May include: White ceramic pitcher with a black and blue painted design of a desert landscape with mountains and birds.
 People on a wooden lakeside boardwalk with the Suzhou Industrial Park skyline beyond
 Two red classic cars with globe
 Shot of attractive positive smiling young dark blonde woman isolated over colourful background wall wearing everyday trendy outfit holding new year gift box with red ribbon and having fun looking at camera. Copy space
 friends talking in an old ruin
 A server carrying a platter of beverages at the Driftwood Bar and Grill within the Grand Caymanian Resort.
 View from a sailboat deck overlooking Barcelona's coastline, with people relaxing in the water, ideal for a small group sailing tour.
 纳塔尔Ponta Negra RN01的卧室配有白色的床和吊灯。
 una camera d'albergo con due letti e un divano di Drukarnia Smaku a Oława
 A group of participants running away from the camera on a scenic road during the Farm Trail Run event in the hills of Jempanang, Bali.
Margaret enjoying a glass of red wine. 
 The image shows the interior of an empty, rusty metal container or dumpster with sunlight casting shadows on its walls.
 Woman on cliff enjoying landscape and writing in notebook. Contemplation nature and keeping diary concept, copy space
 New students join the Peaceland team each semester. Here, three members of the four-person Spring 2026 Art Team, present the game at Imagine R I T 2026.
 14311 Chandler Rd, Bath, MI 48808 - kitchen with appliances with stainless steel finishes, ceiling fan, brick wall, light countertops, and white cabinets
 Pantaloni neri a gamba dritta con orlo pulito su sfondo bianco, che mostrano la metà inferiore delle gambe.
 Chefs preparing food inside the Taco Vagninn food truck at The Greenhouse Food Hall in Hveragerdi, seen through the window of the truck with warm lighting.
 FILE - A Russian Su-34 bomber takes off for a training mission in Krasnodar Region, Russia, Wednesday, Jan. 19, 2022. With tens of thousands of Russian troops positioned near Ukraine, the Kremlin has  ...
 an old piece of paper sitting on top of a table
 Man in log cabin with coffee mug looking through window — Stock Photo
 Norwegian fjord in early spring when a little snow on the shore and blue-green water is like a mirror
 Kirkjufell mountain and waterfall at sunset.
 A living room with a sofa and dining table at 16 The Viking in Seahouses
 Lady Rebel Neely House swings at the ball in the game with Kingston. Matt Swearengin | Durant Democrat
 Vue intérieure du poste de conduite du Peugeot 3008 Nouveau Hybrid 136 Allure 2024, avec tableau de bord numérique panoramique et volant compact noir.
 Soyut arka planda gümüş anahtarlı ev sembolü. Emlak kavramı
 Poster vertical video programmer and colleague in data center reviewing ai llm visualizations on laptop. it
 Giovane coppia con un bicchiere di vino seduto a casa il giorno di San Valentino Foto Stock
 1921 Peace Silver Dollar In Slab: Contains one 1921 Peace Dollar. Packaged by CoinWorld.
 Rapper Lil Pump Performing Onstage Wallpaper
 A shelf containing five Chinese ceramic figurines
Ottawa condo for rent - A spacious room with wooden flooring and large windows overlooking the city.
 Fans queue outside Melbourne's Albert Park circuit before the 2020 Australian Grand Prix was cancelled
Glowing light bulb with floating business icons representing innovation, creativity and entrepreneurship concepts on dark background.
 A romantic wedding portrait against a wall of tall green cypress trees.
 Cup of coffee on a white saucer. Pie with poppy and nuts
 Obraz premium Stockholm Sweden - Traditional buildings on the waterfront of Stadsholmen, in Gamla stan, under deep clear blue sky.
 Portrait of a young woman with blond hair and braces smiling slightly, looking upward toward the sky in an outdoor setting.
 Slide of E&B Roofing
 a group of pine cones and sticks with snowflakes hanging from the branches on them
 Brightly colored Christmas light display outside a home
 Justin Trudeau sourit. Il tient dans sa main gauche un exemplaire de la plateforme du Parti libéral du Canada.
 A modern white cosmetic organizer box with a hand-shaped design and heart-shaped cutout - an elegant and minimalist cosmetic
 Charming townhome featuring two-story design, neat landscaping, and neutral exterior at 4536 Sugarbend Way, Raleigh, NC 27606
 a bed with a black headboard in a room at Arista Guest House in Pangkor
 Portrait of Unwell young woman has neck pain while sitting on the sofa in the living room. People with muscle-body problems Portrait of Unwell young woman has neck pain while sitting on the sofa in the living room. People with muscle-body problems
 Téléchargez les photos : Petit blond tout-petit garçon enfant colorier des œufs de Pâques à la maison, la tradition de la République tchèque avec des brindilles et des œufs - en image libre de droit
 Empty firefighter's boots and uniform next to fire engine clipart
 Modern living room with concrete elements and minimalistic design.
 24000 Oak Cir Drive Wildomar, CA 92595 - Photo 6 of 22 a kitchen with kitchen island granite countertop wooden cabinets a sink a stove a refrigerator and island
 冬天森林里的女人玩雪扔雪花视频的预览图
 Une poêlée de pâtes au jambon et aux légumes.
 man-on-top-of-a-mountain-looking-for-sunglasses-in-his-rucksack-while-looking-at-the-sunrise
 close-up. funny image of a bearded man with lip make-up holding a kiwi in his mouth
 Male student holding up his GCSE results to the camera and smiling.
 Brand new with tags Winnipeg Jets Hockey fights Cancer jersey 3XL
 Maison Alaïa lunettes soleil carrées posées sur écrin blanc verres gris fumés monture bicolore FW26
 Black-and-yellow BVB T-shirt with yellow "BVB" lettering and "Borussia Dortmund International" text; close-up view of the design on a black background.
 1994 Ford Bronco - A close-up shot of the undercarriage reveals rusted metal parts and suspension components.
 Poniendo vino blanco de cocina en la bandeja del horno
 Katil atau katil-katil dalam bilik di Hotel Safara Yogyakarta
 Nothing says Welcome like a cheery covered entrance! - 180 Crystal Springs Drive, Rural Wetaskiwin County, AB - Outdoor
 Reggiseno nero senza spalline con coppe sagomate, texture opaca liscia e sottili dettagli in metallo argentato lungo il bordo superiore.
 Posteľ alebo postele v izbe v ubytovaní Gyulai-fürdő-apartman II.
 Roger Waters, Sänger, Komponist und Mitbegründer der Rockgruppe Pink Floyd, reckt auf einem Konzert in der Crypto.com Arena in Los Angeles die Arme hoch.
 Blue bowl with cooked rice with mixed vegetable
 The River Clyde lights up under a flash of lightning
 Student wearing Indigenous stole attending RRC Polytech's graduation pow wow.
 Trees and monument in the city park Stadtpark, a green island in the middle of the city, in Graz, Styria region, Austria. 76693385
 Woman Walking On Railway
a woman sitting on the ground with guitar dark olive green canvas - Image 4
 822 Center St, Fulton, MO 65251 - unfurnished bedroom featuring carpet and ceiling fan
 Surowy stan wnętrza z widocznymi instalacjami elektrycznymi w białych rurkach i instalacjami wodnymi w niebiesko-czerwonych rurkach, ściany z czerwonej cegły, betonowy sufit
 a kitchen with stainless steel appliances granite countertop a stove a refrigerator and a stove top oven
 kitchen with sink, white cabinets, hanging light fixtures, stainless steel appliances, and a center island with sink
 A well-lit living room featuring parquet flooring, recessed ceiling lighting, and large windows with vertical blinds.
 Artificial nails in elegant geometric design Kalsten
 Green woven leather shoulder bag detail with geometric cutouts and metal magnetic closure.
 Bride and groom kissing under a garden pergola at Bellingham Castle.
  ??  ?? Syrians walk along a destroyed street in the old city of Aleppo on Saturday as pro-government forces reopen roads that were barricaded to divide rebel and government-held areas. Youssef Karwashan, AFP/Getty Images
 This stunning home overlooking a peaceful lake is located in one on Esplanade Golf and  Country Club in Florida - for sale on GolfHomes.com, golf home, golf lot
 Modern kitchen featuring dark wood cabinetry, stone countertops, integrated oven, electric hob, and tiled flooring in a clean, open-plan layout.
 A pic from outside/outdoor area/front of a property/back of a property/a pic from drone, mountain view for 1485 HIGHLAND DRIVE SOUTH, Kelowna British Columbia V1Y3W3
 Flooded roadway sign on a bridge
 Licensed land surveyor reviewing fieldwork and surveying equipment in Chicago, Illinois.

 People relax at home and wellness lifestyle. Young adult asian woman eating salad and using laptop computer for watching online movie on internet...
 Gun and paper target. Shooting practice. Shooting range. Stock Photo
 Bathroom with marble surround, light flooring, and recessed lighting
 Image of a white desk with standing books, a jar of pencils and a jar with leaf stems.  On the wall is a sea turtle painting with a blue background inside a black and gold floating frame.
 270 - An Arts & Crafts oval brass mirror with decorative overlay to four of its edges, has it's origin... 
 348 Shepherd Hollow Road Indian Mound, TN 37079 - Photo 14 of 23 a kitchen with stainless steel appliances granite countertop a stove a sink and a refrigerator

━━━━━━━━━━

-- Brief --
Copy, exactly and only, the lines above that begin with the one containing "muscle-body problems Portrait" and finish with the one containing "24000 Oak Cir".

-- Task answer --
 Portrait of Unwell young woman has neck pain while sitting on the sofa in the living room. People with muscle-body problems Portrait of Unwell young woman has neck pain while sitting on the sofa in the living room. People with muscle-body problems
 Téléchargez les photos : Petit blond tout-petit garçon enfant colorier des œufs de Pâques à la maison, la tradition de la République tchèque avec des brindilles et des œufs - en image libre de droit
 Empty firefighter's boots and uniform next to fire engine clipart
 Modern living room with concrete elements and minimalistic design.
 24000 Oak Cir Drive Wildomar, CA 92595 - Photo 6 of 22 a kitchen with kitchen island granite countertop wooden cabinets a sink a stove a refrigerator and island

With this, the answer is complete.